Now retired from farming, Mr Atkin and his second wife Cynthia have decided the time is right to put the six-bedroomed house, with its separate two-bedroomed cottage and four acres of land, on the market.

Mr Atkin said: “I will be sad but not sorry to leave the house. I thought it was about time to move out and downsize, after all we don’t need three floors, six bedrooms and four acres of grounds anymore.

“My father considered it was too large to manage in his retirement and I’ve always said I want to be out before it beats me. I don’t want it to be a burden to me or my family, or let it get run down as I get older. I feel it’s better to let it go to someone who wants to have it as, hopefully, a family home.”

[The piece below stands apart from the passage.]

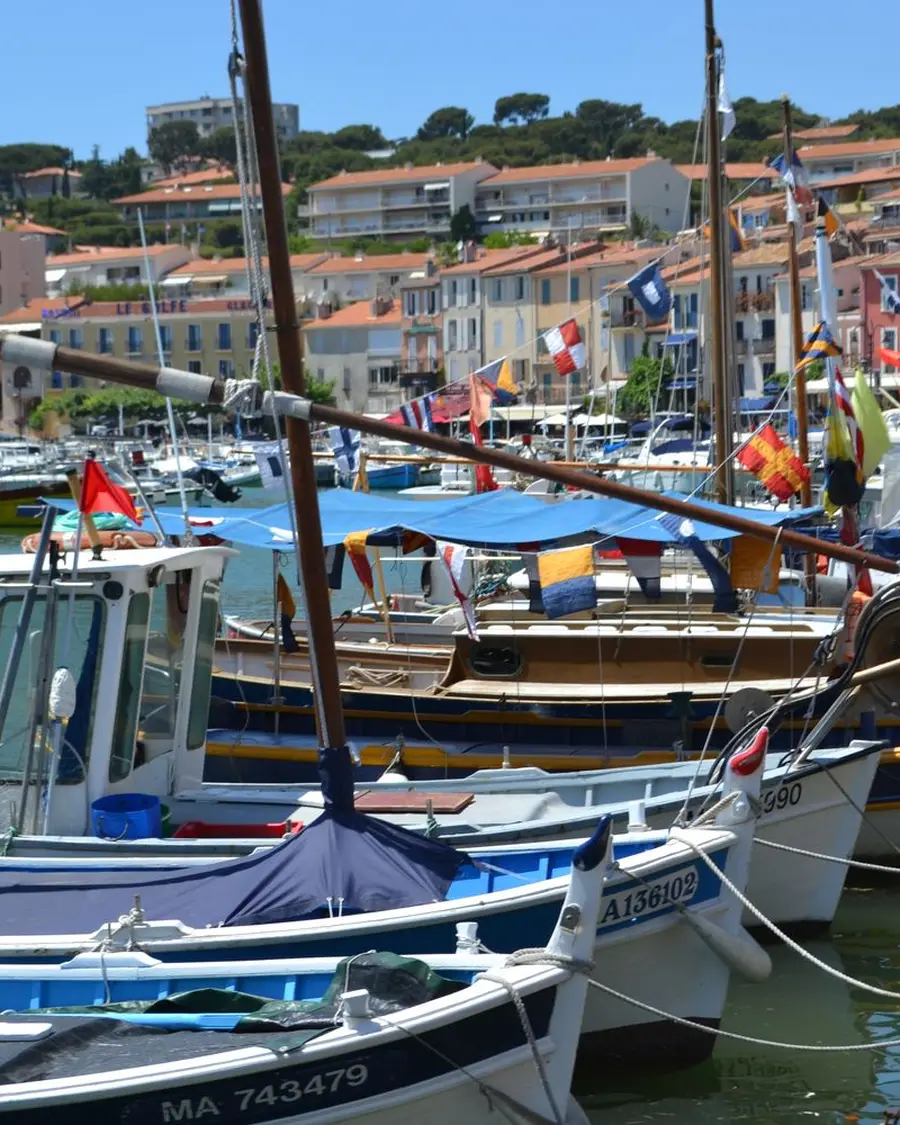 Pointus et façades colorées sur le port de Cassis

The impressive house is mentioned in the Lincolnshire edition of Pevsner’s ‘The Buildings of England’ as a former rectory with a ‘pretty managed brick front’. It was built in 1826 on what Mr Atkin believes was the site of an existing farmhouse. He said: “The story goes that the incoming rector’s new wife considered the old rectory wasn’t good enough and wanted a new one, so she built a new front on the old farmhouse.

“The house was used as the rectory until the church decided to amalgamate the East and West Keal parishes under one rector in 1946. The incoming rector’s wife chose to live at West Keal rectory, probably because the East Keal rectory had suffered somewhat during the war as the army had used the grounds and stayed in the house.

“When the church put East Keal rectory up for sale, my father bought it. You couldn’t get a lawn mower on any piece of grass at the time because it was all nettles and chicken runs, but my father began sorting it out and we’ve been sorting it out ever since.”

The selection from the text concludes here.